My twin brother and I have been lamenting the fact that we both need to get second jobs, and are putting in lacklaster efforts to find them -- not because we are lazy, or indifferent to the urgency, but (and let me clarify that I'm speaking more for me and merely speculating for him) because we simply wish we didn't need to. Our own jobs are mentally and physically draining enough. We're both trying to find things that allow us to make enough to do very little -- 10 hours, tops (for me, anyway). Very, very hard.
I'm not going to use this as a forum to voice once again the injustice of a college instructor not able to afford a landline or even basic cable, but to voice something more central to my own struggle: I'd rather be making my money as a full-time writer. I'd like to think that that is my second job. Hell, that it's my first job, and that teaching is the fallback.
But I can't, 'cause it's not paying me anything.
And that fills me w/ emptiness and frustration.
I was supposed to submit a short story to a writers journal contest that was due July 30. I suppose if I overnight the thing I can still make it, but the truth is that I don't think the story is up to par, even w/ all the hacking and revising I did to it. It's not first place material, and why should I submit anything less than my best work just for the sake of submitting? I am struggling to find my place in this writers' community-- I don't seem to belong to the short-story-submit-your-stuff-to-magazines-and-journals (mainly because I don't write short stories); I'm not a journalist; I like blogging but haven't found a forum where I can combine it w/ another expertise and do it for money yet.
So how do I change this? What's behind it?
I think I'm afraid of what I don't know.
I don't know these avenues, and don't want to know them. They are unfamiliar to me, and unfamiliar has always been discomforting. That is what holds me back.
And that's not to say that I won't ever leave my front door (heck, I've relocated to different states twice now-- on my own!). When I want something, when I really want something, I go after it. It's the one description about me I hear from family and friends: "You're a go-getter, Leese." And they're not wrong. But there's a condition. When I want it, there's a knowing that comes w/ the desire, and that knowing is what allows me to venture into unchartered territory so that even the unfamiliar is no longer an obstacle. It's like being given the map ahead of time rather than feel your way through. Wayne Dyer and others would call this intention.
I wonder, what is my intention when it comes to being a published, paid writer? What keeps me from knowing? Is it all the negative talk that comes from the outside, from agents and family members and other writers who constantly talk about how tough this business is and how you have to be really, really good to make it? Is it that I'm lacking perserverence or discipline? Is it that I'm lacking confidence, that not-good-enough demon whispering in my ear? Or is it D, all of the above?
What do I want -- not just for my writing career, but for my life?

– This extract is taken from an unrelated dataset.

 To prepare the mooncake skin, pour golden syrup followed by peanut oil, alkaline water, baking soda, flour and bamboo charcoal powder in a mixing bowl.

Because I sure as hell know I really don't want a second job -- not the time-card, clock-punching, fill out another W-2 form kind of job, anyway. Not the kind that you dread, that feels like your soul is whithering away minute by minute, and that your precious life is being wasted. I at least know enough to know that that doesn't have to be the case. But I also know that I've got to make up my mind one way or another, because rent's goin' up, gas prices ain't comin' down, student loans are ever-present, and I'm going to have to do something to keep from getting into trouble.